I wish to know genes that are significantly expressed between knockout and wild type mice as they age from 3 months, 6 months, 12months and 24months. I wonder the best way to analyze such data. I combined Age and condition (genotype) and performed DESeq2 as follows:
> coldata$Age_condition <- factor(paste0(coldata$Age, "-", coldata$condition))
> dds <-DESeqDataSetFromMatrix(countData = countdata, colData = coldata, design = ~ Age_condition)
> dds
> dds <- DESeq(dds)
I am stuck at this point and having issues extracting differential expression results to see genes that significantly differ between 3-6, 6-12, 12-24, 3-24, 3-12, 6-24 months, upon knockdown of the gene. What might be the best way to go about this? Thank you
Thanks Mike for the quick response, I am interested in performing both pairwise comparisons and significant genes at each timepoint between knockout and wild type
Take a look at this example in the workflow, we show how to build results tables for both kinds of tests. I'm not a fan of doing all pairwise comparisons, but if you are going to perform so many tests (any timepoint, and additionally these time pairs), you need to perform multiple test correction across all the comparisons in addition to all the genes. There are some support site posts where I provide code for doing this additional multiple test correction. Note that you may lose power from performing these additional tests. (And you should not snoop and find which time points show differences, and then only present those pairwise comparisons.)
Hey Mike,
After running the first chunk of code in the Time course experiments chapter, here are results I received:
[1] "Intercept" "Age_2YR_vs_1YR" "Age_3M_vs_1YR" "Age_6M_vs_1YR"
[5] "condition_WT_vs_KO" "Age2YR.conditionWT" "Age3M.conditionWT" "Age6M.conditionWT"
>
How do I extract meaningful data from this where I wish to find out genes expressed upon KO of my genes per timepoint? What do these results mean? I'm off to the second batch of code...
Read over this section first which explains interaction models:
https://bioconductor.org/packages/release/bioc/vignettes/DESeq2/inst/doc/DESeq2.html#interactions
Hey Mike,
I have performed LRT using the following three sets of codes exempting time and even genotype:
> dds <- DESeq(dds, test = "LRT", reduced = ~ Age + condition)
> dds <- DESeq(dds, test = "LRT", reduced = ~ Age)
> dds <- DESeq(dds, test = "LRT", reduced = ~ condition)
I believe these identify significant gene expression with and without considering time and genotype respectively. How does this help answer my question of gene knockout effects over time?

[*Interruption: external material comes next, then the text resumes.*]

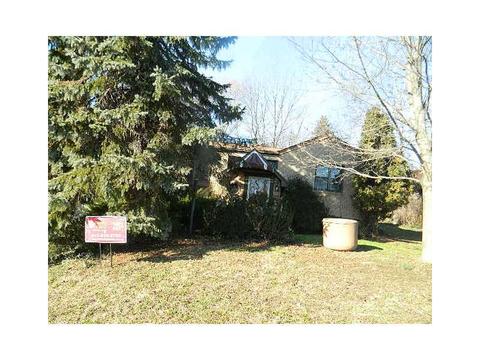 421 Pepper Dr, Coraopolis, PA 15108 photo 1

I have also performed tests using the following codes (in brief) where I combine Age and Genotype (condition) variables:
> coldata$Age_condition <- factor(paste0(coldata$Age, "-", coldata$condition))

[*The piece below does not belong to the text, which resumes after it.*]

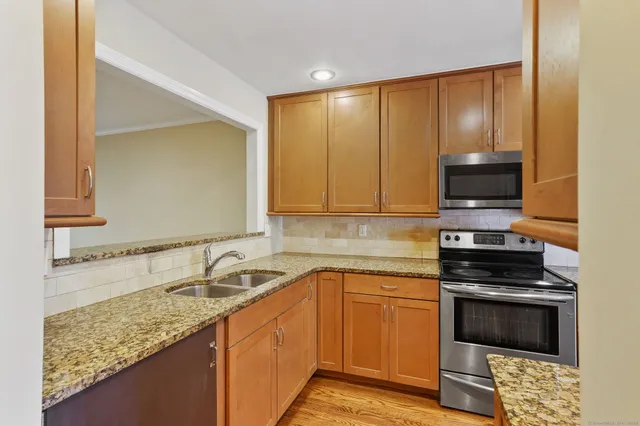 $2,700 | 20 East Pembroke Road, Unit 28, Danbury, CT 06811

> dds <-DESeqDataSetFromMatrix(countData = countdata, colData = coldata, design = ~ Age_condition)
dds <- DESeq(dds)
I intend extracting results using the contrast function as follows:
> res <- results(dds, contrast = list("Age_condition3M.KO", "Age_condition3M.WT"))
> res <- results(dds, contrast = list("Age_condition2YR.KO", "Age_condition3M.WT"))
Am I on the right track to compare genotype effects per time point? What additional steps do you think I might take for this analysis? Thanks a lot Mike
Also even after reading the excerpt, my initial question still stands regarding the results:
[1] "Intercept" "Age_2YR_vs_1YR" "Age_3M_vs_1YR" "Age_6M_vs_1YR"
[5] "condition_WT_vs_KO" "Age2YR.conditionWT" "Age3M.conditionWT" "Age6M.conditionWT"
If after reading over the documentation for time series analysis and the interaction material, these coefficients are still not making sense, I'd recommend that you collaborate with a local statistician who can help you to interpret the results of the analysis.
The type and names of coefficients here are not specific to DESeq2, but would be the same coefficients you would generate for any kind of regression or linear model of data with an interaction design.